Как только его вытянутое лицо возникло в дверном проеме, я понял — плохи дела. Нечасто мне приходилось видеть отца Джо таким серьезным. Он сел молча, хотя обычно так не делал. Затем соединил ладони кончиками пальцев — получились две стенки четырехгранного церковного шпиля. Кто передо мной: духовный отец или начальник отдела кадров?
— Тони, д-д-дорогой мой, ты от нас н-н-ничего не утаиваешь?
Я принялся лихорадочно перебирать в уме: меры безопасности, вакантные места, возможные сделки… И углядел «там, наверху» небольшую лазейку — промолчал.

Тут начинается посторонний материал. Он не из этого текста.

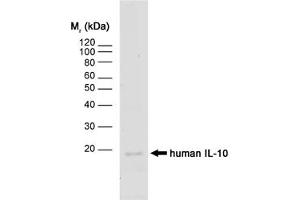 Image no. 1 for anti-Interleukin 10 (IL10) antibody (ABIN217691) (IL-10 antibody)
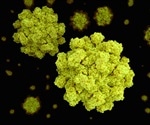 Novel Zebrafish Model Offers Efficient Tool for Norovirus Research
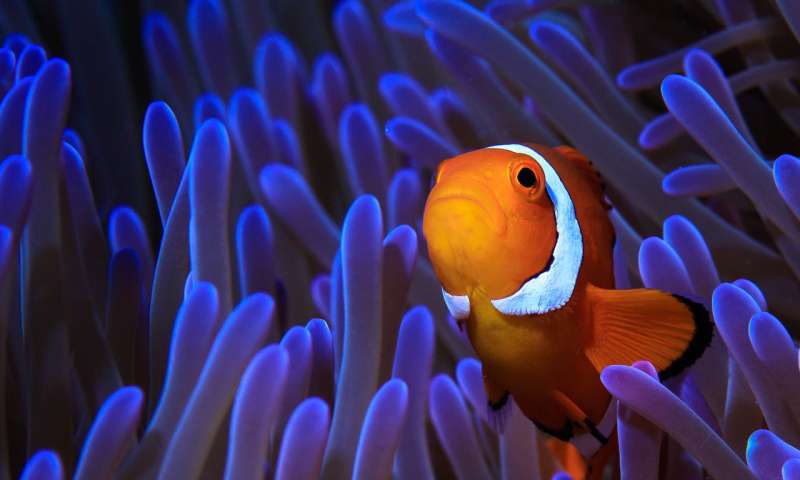 Finding Nemo's genes
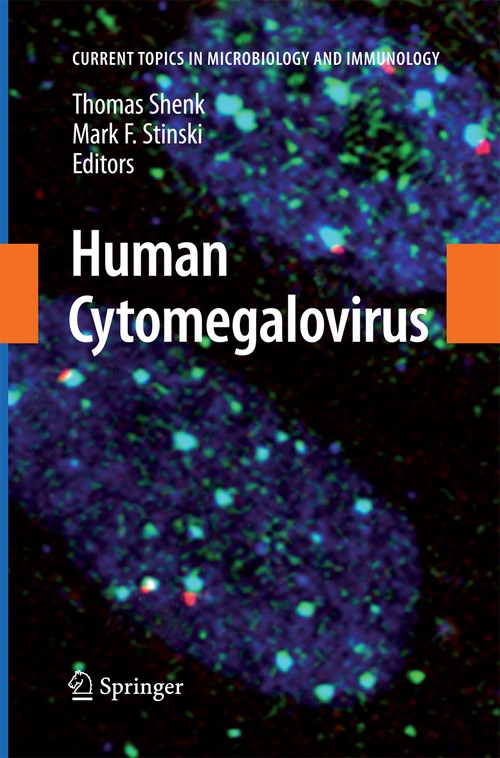 Human Cytomegalovirus by Thomas E Shenk | ISBN-13 9783642445132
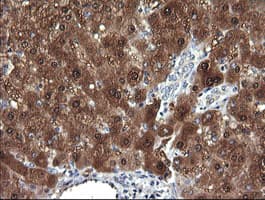 DDT / Dopamine Tautomerase Antibody (clone OTI1H3)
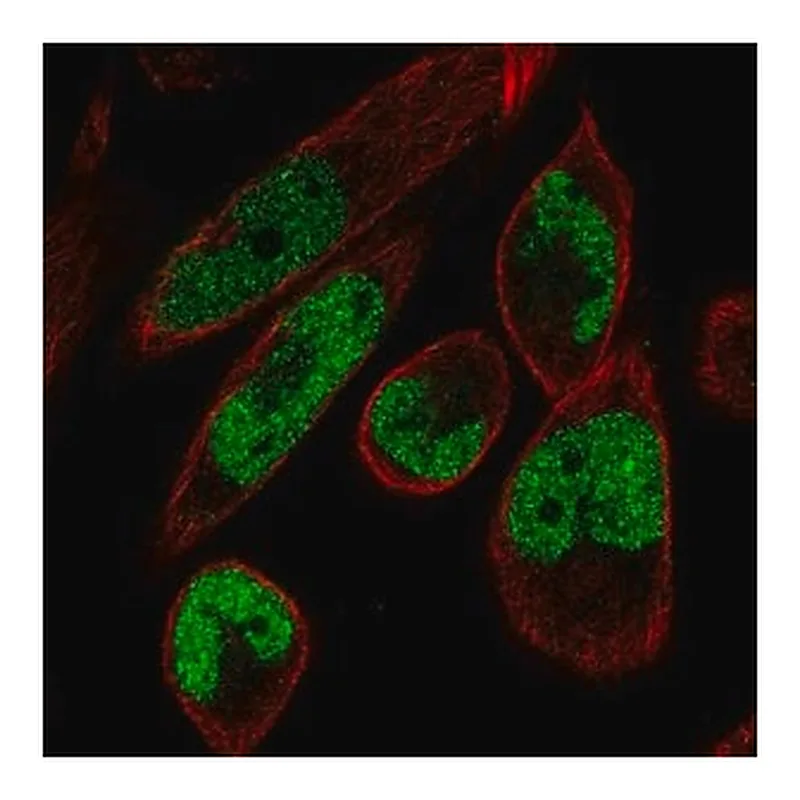 Merck Anti-MAMLD1 antibody produced in rabbit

Отец Джо погрустнел — видимо, мое запирательство расстроило его.
— Вчера вечером звонил твой отец. Интересовался, когда ты возвращаешься домой — тебе ведь готовиться к Кембриджу.
— Мой дом здесь. Я не хочу в Кембридж.
— Но, дорогой мой, ты должен.
— Христос учил, что мы должны оставить отца и мать, чтобы следовать за ним.
— Он тоже много лет приобщался к мудрости и знаниям.
— Отец, прошу вас! Не отсылайте меня!
— Тебе же дают стипендию.
— Это какая-то ошибка! Я и не думал, что пройду по конкурсу! Пусть стипендия достанется кому-нибудь другому!
— Дорогой мой, это уже не тебе решать. Прими дар Господа.
После таких слов никакие апелляции, прошения о сделке с признанием вины или просьбы учесть смягчающие вину обстоятельства не возымели бы действия. Отец Джо оставался спокоен, но неумолим в своей строгости. Однако именно та мягкость, с которой он произнес последнюю фразу, что называется, добила меня. Массивная дверь в мое будущее захлопнулась, едва слышно щелкнув замком.